In his book, Who’s Araid of the Big Bad Dragon: Why China Has the Best (and Worst)Education System in the World, Yong Zhao blames the accountability system based on high stakes testing. True. This obession with test scores in the United States is unhealthy. Our politicians and state education leaders have convinced many school leaders that obtaining higher test scores is the ultimate goal and product of school systems. No wonder there are cheaters who cook the books of school accountability to make it look like their districts are performing better than they really are. Accountability in the United States is evolving into the same game that Wall Street bankers play; cook the books to make it look like things are better than they are.
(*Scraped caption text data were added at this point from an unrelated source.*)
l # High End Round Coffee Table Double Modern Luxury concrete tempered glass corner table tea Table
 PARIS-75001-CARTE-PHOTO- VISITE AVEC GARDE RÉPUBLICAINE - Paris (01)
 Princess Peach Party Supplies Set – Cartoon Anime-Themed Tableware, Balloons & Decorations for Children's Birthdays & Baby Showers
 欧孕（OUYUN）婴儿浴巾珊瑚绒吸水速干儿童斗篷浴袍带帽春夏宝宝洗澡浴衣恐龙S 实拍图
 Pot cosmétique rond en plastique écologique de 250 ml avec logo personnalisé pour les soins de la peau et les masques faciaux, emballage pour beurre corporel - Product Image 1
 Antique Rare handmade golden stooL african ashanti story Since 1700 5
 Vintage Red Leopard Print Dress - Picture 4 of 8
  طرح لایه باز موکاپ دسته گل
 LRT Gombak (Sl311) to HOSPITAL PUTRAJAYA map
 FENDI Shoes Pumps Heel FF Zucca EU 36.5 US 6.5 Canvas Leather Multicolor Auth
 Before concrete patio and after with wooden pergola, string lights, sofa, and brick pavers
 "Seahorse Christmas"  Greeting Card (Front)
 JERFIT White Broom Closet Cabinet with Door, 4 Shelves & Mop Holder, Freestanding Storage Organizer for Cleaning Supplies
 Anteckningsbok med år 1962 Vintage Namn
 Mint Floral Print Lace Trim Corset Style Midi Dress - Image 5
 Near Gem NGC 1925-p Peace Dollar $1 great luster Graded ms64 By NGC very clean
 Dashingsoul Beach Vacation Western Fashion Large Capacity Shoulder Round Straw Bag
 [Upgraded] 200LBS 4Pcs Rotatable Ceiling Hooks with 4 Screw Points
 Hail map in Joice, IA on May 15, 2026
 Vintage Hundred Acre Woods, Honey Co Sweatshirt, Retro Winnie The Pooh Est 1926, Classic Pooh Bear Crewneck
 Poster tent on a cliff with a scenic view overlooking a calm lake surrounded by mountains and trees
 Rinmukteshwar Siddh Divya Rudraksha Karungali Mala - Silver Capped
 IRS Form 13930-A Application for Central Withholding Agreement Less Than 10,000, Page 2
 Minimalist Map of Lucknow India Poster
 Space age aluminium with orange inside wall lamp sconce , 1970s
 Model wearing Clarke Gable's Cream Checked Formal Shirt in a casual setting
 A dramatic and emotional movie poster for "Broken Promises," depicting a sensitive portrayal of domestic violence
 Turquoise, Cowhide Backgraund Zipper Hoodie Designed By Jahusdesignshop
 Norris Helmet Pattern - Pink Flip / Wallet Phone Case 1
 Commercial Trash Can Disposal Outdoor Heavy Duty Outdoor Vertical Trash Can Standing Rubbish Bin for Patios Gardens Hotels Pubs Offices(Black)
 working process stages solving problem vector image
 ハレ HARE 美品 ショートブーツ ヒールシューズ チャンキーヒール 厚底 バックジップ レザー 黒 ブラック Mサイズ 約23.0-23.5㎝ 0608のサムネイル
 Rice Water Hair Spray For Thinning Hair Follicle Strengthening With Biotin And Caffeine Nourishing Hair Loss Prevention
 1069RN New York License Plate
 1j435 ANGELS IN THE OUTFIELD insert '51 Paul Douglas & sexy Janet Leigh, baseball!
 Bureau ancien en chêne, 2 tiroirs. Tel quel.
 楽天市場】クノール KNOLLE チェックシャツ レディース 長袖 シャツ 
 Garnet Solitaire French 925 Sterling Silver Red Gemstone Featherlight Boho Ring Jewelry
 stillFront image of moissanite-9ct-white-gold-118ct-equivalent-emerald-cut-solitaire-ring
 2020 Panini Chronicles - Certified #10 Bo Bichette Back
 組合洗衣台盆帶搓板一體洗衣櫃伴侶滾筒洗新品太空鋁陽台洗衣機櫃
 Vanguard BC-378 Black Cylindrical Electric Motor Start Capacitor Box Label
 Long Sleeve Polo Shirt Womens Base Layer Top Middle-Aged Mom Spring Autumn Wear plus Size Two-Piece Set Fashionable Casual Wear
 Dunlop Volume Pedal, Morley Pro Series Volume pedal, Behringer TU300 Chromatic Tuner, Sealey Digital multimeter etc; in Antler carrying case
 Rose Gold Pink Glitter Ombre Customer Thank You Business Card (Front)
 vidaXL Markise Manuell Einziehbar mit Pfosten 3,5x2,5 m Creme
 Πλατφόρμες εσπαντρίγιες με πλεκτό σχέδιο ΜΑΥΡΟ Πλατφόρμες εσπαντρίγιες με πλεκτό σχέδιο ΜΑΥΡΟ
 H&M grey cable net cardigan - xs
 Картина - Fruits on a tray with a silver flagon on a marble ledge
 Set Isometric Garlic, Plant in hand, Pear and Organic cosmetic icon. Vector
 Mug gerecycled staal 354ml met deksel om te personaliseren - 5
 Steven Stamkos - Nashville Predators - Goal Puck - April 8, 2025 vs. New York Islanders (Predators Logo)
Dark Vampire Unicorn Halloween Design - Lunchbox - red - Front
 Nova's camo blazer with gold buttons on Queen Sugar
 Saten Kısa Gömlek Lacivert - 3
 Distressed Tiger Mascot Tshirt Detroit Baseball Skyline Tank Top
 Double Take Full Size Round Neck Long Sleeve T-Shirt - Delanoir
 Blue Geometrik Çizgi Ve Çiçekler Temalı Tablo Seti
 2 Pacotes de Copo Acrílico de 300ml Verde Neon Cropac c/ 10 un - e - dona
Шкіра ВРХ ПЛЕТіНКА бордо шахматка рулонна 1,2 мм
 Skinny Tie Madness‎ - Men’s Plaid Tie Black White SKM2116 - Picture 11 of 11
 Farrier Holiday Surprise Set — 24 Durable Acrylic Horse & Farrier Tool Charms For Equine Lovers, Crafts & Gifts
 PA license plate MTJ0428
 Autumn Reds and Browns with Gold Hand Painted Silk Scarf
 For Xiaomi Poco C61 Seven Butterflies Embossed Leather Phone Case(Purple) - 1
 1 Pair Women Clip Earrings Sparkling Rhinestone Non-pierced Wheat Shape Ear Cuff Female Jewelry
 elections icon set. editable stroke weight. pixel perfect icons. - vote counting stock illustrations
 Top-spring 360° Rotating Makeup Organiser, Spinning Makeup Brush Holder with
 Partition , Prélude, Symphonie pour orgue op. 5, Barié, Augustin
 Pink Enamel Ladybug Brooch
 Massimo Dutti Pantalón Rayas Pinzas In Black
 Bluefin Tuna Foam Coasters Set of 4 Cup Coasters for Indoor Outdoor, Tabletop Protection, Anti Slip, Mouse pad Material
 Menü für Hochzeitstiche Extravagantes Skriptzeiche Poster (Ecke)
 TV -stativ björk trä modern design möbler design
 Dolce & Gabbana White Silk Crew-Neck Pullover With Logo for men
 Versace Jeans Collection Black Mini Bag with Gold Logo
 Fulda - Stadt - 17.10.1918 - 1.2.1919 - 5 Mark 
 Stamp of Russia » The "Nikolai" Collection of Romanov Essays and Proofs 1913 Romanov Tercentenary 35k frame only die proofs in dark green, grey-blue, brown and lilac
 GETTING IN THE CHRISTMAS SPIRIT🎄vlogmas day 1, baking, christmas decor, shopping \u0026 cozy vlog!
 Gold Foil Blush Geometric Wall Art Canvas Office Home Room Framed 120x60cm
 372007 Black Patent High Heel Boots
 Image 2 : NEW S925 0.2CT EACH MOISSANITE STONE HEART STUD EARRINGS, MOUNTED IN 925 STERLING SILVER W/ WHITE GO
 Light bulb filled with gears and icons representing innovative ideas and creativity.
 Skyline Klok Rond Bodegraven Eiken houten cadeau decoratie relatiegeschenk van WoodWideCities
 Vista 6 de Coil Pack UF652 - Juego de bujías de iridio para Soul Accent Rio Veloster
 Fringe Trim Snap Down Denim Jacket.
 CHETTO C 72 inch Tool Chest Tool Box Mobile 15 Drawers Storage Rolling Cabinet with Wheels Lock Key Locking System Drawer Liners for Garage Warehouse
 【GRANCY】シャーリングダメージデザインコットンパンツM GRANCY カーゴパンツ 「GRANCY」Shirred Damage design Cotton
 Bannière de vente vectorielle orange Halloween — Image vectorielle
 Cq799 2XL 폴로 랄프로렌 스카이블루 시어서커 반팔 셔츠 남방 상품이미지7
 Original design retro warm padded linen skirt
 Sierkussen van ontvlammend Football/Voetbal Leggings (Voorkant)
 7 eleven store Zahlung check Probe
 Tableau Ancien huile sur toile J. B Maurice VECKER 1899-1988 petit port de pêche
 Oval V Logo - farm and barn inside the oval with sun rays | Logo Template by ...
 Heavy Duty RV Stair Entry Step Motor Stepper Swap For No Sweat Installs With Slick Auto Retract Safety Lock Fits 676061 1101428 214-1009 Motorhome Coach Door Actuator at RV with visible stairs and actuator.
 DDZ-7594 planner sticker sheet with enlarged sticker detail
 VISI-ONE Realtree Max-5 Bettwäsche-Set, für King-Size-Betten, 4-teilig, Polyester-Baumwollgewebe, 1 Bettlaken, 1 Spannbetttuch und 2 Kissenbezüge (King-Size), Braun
But at the end of the day who are these who cook the books really fooling? Are our students really learning more than they ever had? Are we actually producing the best graduates we have ever produced? Is our graduation rate really any higher than it has ever been? In some ways, I am afraid accountability in education has become a game that educators play. In a culture where numbers ultimately matter more than kids, education has adopted the exact same thinking that Wall Street adopted; whatever you can do to make your bottom line appear better than actually is becomes acceptable. Instead of focusing genuinely on the kids, accountability is game of data manipulation.

Garcia and Hall did a great disservice to education by cheating. Their actions are inexcusable. Yet, there are other educators still playing the game of accountability, shifting data points around, in order to make it “appear that their school or district” is on top.

Wall Street's “book-cooking” tactics have no place in education. What we do as educators determines the course of young lives, and when our focus shifts from that to numbers alone, we too are as guilty as those who wrecked the economy, and who “cook the books of accountability” for appearances sake.